K.S.: Als man merkte, dass der Devisenmarkt nicht in der Lage ist, selber klare Erwartungen zu bilden, in welche Richtung der Wechselkurs sich entwickelt, hat sich die Nationalbank entschieden, ein Wechselkursziel bekanntzugeben.
Die SNB hat gesagt, sie werde so lange Dollar kaufen, bis der Kurs der deutschen Mark deutlich über 80 sei. Als man das bekanntgegeben hat, war der Kurs etwa bei 76. Also hat man einen Kurs gewählt, der nicht ganz 10% über dem aktuellen Kurs lag.
Das hat sehr gut funktioniert: Der Markt war nach einigem Zögern überzeugt, dass sich die Situation verbessern würde. Und dann begann der Kapitalverkehr wieder zu funktionieren.
swissinfo.ch: Damals ging es um die Deutsche Mark, die Währung eines stabilen Landes. Jetzt geht es primär um den Euro. Der Euroraum ist weit weniger stabil.
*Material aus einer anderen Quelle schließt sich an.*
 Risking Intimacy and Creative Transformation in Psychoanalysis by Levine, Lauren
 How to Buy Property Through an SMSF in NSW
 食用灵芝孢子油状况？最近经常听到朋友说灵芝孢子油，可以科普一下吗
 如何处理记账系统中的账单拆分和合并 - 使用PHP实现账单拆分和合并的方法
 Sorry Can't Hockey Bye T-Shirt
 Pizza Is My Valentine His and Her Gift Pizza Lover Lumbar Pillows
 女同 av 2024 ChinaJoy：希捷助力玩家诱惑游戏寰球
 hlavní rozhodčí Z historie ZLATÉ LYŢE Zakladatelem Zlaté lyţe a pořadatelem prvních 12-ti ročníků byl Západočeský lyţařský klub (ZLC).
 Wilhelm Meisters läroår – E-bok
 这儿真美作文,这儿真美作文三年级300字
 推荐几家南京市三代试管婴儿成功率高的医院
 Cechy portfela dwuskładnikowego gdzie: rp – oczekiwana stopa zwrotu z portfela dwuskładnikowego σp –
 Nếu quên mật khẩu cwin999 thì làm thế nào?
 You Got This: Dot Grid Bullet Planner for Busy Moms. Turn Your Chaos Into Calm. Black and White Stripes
Was ist heute anders?
K.S.: Heute ist es schwieriger, zu prognostizieren, in welche Richtung sich Euro oder Dollar entwickeln, weil diese beiden Währungsräume mit sehr schwierigen Problemen konfrontiert sind.
Aber es ist immer so: Man muss unter Unsicherheit entscheiden und die verschiedenen Risiken abwägen.
Daher war es sicher richtig, dass die Schweizerische Nationalbank letzte Woche ein erstes Signal ausgesendet hat. Damit tat sie ihre Meinung kund, der Franken habe nun ein Niveau erreicht, das nicht mehr weiter überschritten werden sollte.
swissinfo.ch: Wie agierte und reagierte man in noch früheren Krisen wie etwa 1929 nach dem Börsencrash?
K.S.: Damals wurde relativ schlecht reagiert. Statt einer expansiven verfolgte man in den USA eine restriktive Geldpolitik, was natürlich die Krise noch zusätzlich verstärkte.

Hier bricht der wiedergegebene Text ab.